The last chapter that I read makes a fitting conclusion to this post, which is less analytic than reflective. After talking about what kind of awareness human beings might have, in contrast to amoebas and other beings, Goodenough reflects on experiences that many might call “mystical”, where a sense of oneness with the Divine permeates the individual. She says,

As a non-theist, I find I can only think about these experiences as wondrous mental phenomena. But in the end it doesn’t matter: All of us are transformed by their power. I have yet to reach in meditation anything approaching Nirvana, but when I am invaded by Immanence, most often in the presence of beauty or love or relief, my response is to open myself to its blessing…It becomes a part of my self that I most cherish and value, the part that most deeply celebrates the fact that I am alive, the part that sustains me through discouragement and loss.

For Goodenough, it is comforting merely to reflect upon the fact that she is alive, that she exists (a highly improbable outcome of mindless algorithims, which could have turned out any number of individuals but instead realized her). She becomes “lost in something much larger than [her] daily self”, which is the experience that religious persons seek after in becoming part of the Body of Christ or taking refuge in the Dharma.
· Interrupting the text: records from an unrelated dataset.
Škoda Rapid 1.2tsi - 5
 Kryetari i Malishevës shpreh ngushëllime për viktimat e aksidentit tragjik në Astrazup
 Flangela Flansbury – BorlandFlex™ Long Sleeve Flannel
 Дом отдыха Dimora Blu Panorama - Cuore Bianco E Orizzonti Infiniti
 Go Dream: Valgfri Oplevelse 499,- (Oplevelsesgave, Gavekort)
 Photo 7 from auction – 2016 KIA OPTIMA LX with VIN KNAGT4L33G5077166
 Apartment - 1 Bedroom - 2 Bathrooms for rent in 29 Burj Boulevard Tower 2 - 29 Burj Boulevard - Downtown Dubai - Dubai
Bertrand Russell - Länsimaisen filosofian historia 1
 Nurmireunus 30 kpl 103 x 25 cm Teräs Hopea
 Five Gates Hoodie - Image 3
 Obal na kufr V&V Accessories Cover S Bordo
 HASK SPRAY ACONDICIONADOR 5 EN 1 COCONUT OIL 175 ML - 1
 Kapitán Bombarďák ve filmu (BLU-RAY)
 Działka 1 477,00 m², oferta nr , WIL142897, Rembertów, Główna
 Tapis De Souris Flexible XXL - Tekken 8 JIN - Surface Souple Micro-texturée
At the end of the day, is a terrible tragedy made less horrific knowing that a personal deity has ordained it as part of a “plan” or that it is merely an aspect of the ongoing manifestation of life? For me, I see no way to choose which is “better”, only to seek after what framework fits all of reality best… and then to grapple with the consequences.

I’m enjoying Goodenough’s grappling…and it doesn’t spoil some of my favorite poems, even if it does mean that I must reinterpret some aspects.

The world is charged with the grandeur of God.
It will flame out, like shiningg from shook foil;
It gathers to greatness, like the ooze of oil
Crushed. Why do men then now not reck his rod?
Generations have trod, have trod, have trod;
And all is seared with trade; bleared, smeared with toil;
And wears man’s smudge and shares man’s small: the soil
Is bare now, nor can foot feel, being shod.

And for all this, nature is never spent;
There lives the dearest freshness deep down things;
And though the last lights off the black West went
Oh, morning at the brown brink eastward, springs–
Because the Holy Ghost over the bent
World broods with warm breast and with ah! bright wings

God’s Grandeur, Gerard Manley Hopkins

Notes
[1] Quoted from Darwin’s Dangerous Idea, page 320, Daniel Dennett. This chapter talks about Teilhard, briefly, and why his attempt at reconciling theism and evolution is, instead a betrayal of the latter in favor of the former.

[2] My pastor gave a sermon this Sunday on jazz that reminded me of how algorithims can bring about beauty. She told the story of Winton Marcellus, whose performance was interrupted by a cell phone. He took the cell phone jingle, incorporated it into the tune, and then moved from there to the conclusion he was aiming at, before being interrupted. It was a great example of how design space (the scales and rules of jazz music) constrain getting from point A (cell phone jingle) to point B (the intended conclusion)… but don’t mean that the results are obvious or ugly. Fractals are algorithims…and art.